As the concentration of uric acid in blood increases, if sodium urate crystals deposit from super-saturated extracellular fluids to joints, synovium or other tissues and organs, it will cause a syndrome clinically known as "gout", including features like arthritis, tophi, uric acid kidney stones and gouty nephropathy. At this stage the patient suffer from acute gouty arthritis, having acute pains in the joint from time to time.
Refractory gout is caused by recurrent episodes of acute gouty arthritis for several years, manifested as chronic, multiple, destructive arthritis with pain and tophi formation and / or uric acid kidney stones. The number of such patients grows with the increasing prevalence of gout and the younger onset of the incidence, and these patients have severe illness and low quality of life. 3% of the 3 million gout patients in the United States suffer from refractory gout. Some patients treated by existing medications get poor result or have intolerance, and the treatments are time-consuming and difficult, so how to treat the disease effectively is a major clinical issue faced by physicians.
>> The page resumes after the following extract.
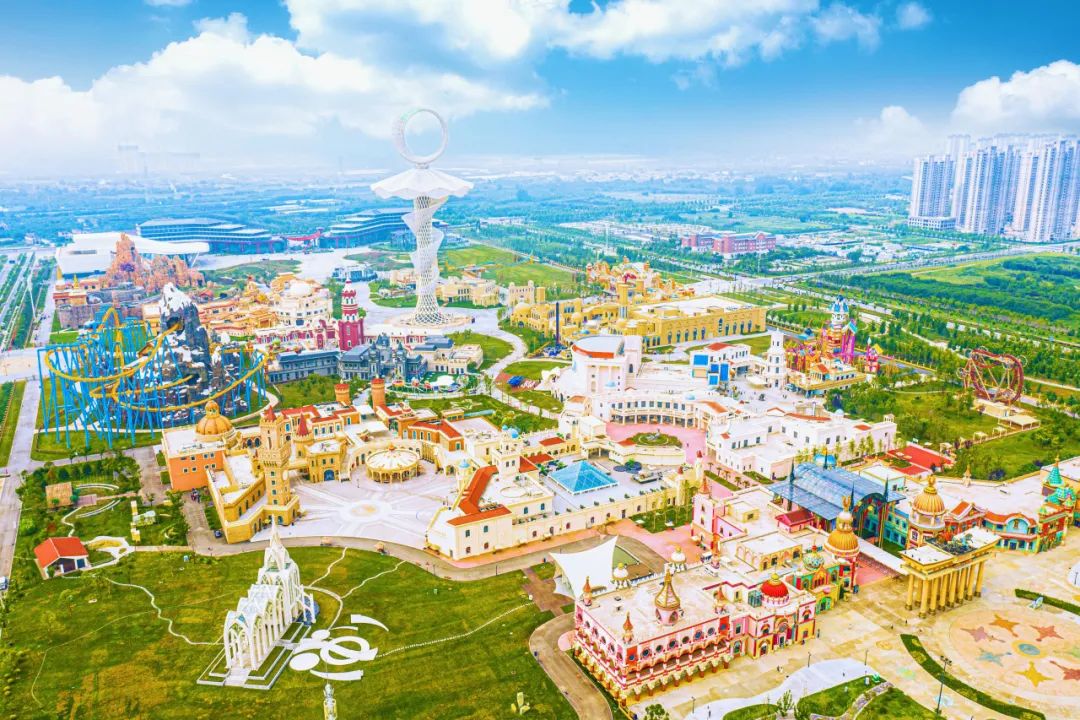 万里丝路 欢乐永恒 ｜丝路欢乐世界喜迎第200万位游客!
The biochemical basis of refractory gout is hyperuricemia, so the key to the treatment is to control the level of serum uric acid effectively, the target value of which is <356μmol / L (<6.0 mg / dl). The daily production of uric acid by a normal adult is 750mg, 80% of which is endogenous, and 20% of which exogenous. The uric acid gets into the metabolic pool of urate, the daily metabolic rate of which is about 60%.Of the uric acid metabolized, 1/3 is catabolized in the intestine, and 2/3 is excreted through the kidneys. This process can maintain a stable level of uric acid in the body, and any problem within the process can lead to hyperuricemia.
The mechanism of traditional uric acid–lowering agents is mainly to inhibit xanthine oxidase, reducing uric acid production and to inhibit renal tubular reabsorption of uric acid, promoting uric acid excretion[4].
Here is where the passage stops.